Слабость Грунского не в полном ниспровержении возможности построения тех или иных, мнемонического характера словосплетений на основе азбук -финикийской, греческой или славянской. Его слабость в том, что он полагал возможным видеть начало всех этих алфавитов в такой филологической игре, тогда как мы знаем, что они создавались иными приемами. Финикийский и греческий - наверняка! Итак, о какой же "трагедии" говорит Пушкин? Вот она.
ENO ET IKAEL.
Tragedie
Personnages.
Le Prince Eno.
La Princesse Ikаёl, amante du Prince Eno.
L'abbe Pecu, rival du Prince Eno.
Scene unique
Le Prince Eno, la Princesse Ikаёl, l'abbe Pecu, gardes
Eno
Abbe! cedez...
L'abbe
Eh! F...
Eno (mettant la main sur sa hache d'arme).
J'ai hache!
Ikаёl (se jettant dans les bras d'Eno)
Iкаёl aime Eno (ils s'embrassent avec tendresse).
Eno (se retournant vivement)
Pecu est reste? Ixe, Igrec, Zede! prenez m-r l'abbe et jettez-le par les fenetres.
ЭНО И ИКАЭЛЬ
Трагедия
Действующие лица
Принц Эно.
Принцесса Икаэль, возлюбленная принца Эно.
Аббат Пекю, соперник принца Эно.
Сцена единственная
Принц Эно, принцесса Икаэль, аббат Пекю, стража.
Эно
Аббат, уступите...
Аббат
Черт!
Эно (налагая руку на секиру)
У меня секира!
Икаэль (бросаясь в объятия Эно)
Икаэль любит Эно (они нежно обнимаются).
Эно (с живостью обернувшись)
Пекю остался? Икс, Игрек, Зед! Возьмите аббата и бросьте его в окошко.
Как видите, соблюдены все три классических единства - времени, места и действия. Неудивительно, что Пушкин, прочитав во французском журнале эту забавную безделушку, улыбнулся, запомнил ее и сохранил для нас среди своих записей.
Автор "Икаэль и Эно" весьма небрежно обошелся с французской азбукой. Он опустил все буквы, которые содержатся в ней между нужными для его целей - "жи", "ю", "ве", поскольку с ними ему было "делать нечего". Надо отдать ему должное, с остатком он распорядился весьма остроумно. Возьмите французскую азбуку и произнесите подряд все входящие в нее названия букв так, как произносят их, изучая алфавит, маленькие французы:
Как видите, "трагедия" получается как бы по волшебству сама собой. Да-же трудно укладывающиеся в текст сочетание "э" и "эф" послужило материалом для растерянного восклицанья аббата...

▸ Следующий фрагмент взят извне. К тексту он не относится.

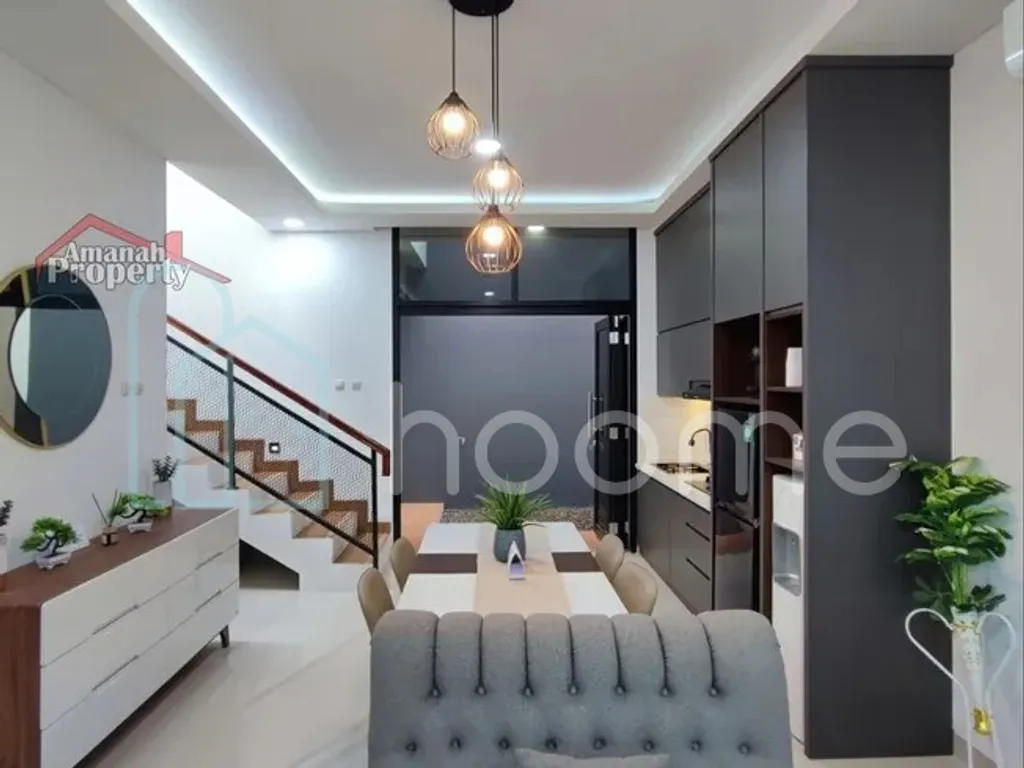 Rumah Tropis 2 Setengah Lantai Dekat Pintu Tol Cibubur Cimanggis Depok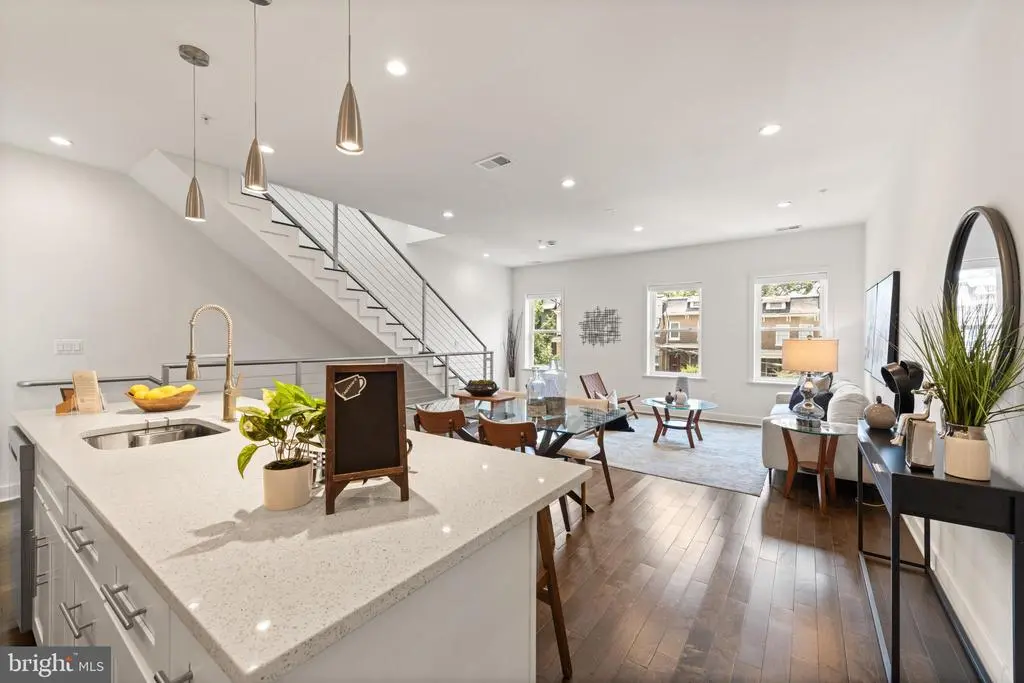 319 Varnum St Nw #ph 3, WASHINGTON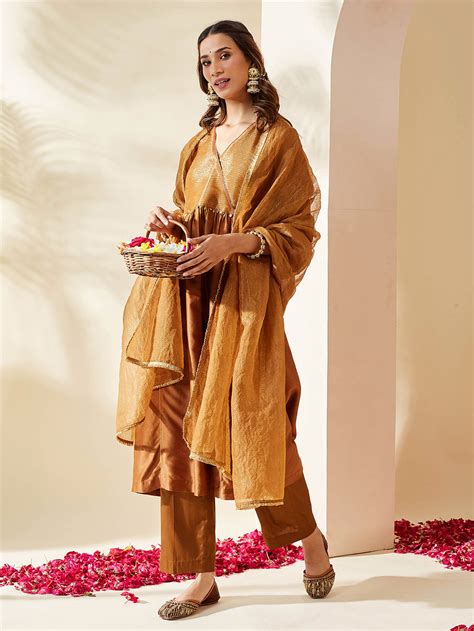 Brown Hand Embellished Chanderi Suit- Set of 3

По личному опыту знаю, что "Икаэль и Эно" очень облегчает положение того, кому приходится в каких-либо целях изучать французский алфавит.
Разумеется, не каждой азбуке и не во всех случаях "мнемоники" так везет. Во-первых, данную "трагедию" сочинял веселый и остроумный человек. Не будь он остроумным, ему не подвернулась бы вовремя под горячую руку идея превратить три последние буквы в трех гвардейцев-охранников, поскольку уже давно названия этих букв во Франции равносильны выражению "трое неизвестных". Во-вторых, чистая случайность, что сложенные "поездом", "вагон за вагоном", буквенные названия французской азбуки сами собой образуют такую смешную пьесу.
Попробуйте подогнать наш азбучный букворяд "а, бе, ве, ге..." к какому-нибудь осмысленному отрывку русской речи, и вы убедитесь, что для этого нужно быть гением.
Допустим, вы проявите гениальность или примените компьютер, который переберет для вас все возможные комбинации... Чего? Слогов!
А ведь тому, кто захотел бы построить рассказ, драму или сонет из названий букв кириллицы, пришлось бы иметь дело не со слогами, а со словами. Возьмите карандаш, бумагу и превращайте на досуге в связный рассказ такой набор слов:
я, буква, знай, говори, добро, есть, живите, весьма, земля, - и вы почувствуете, что это занятие не из самых успокоительных.
Вот почему я весьма сомневаюсь, чтобы дело когда-нибудь происходило так, как оно рисовалось Грамматину, Грунскому и другим их единомышленникам.